Trump film 'The Apprentice' set for US premiere Saturday, Trump team calls it election interference
Trump communications director Steven Cheung called the film’s release “election interference by Hollywood elites right before November,” and said that it is "pure malicious defamation."
A movie about GOP presidential nominee Donald Trump is now scheduled to hit American theaters in October, just one month before the 2024 election.
The film is titled "The Apprentice" and it stars Sebastian Stan as a young Donald Trump.
According to Deadline, the film will debut tonight at 10 p.m. at the Telluride Film Festival in Colorado, but won't hit theaters until Oct. 11. It was already shown earlier this year at the Cannes Film Festival.
The film portrays Trump as a powerful businessman who “falls under the sway of the demonic lawyer and power broker Roy Cohn," according to the film's description.
There is also a scene in the movie showing Trump raping his first wife, Ivana Trump, who is played by Maria Bakalova.
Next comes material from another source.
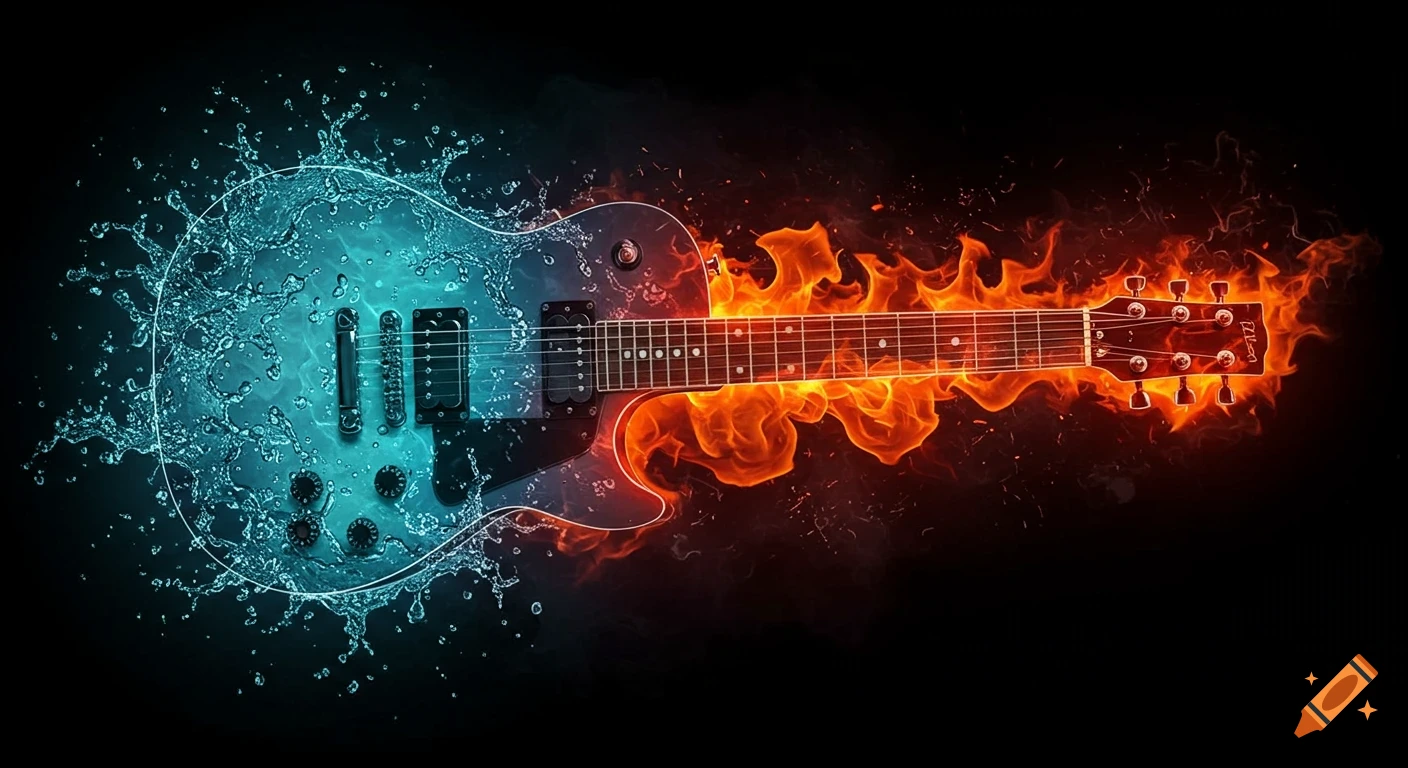 An electric guitar split down the middle, half covered in splashing blue water and half engulfed in orange flames against a black background.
The former president had threatened to file a lawsuit against the film “to address the blatantly false assertions from these pretend filmmakers," according to The Associated Press.
“This ‘film’ is pure malicious defamation, should never see the light of day, and doesn’t even deserve a place in the straight-to-DVD section of a bargain bin at a soon-to-be-closed discount movie store, it belongs in a dumpster fire,” Trump communications director Steven Cheung told The Hill.
Cheung called the film’s release “election interference by Hollywood elites right before November.”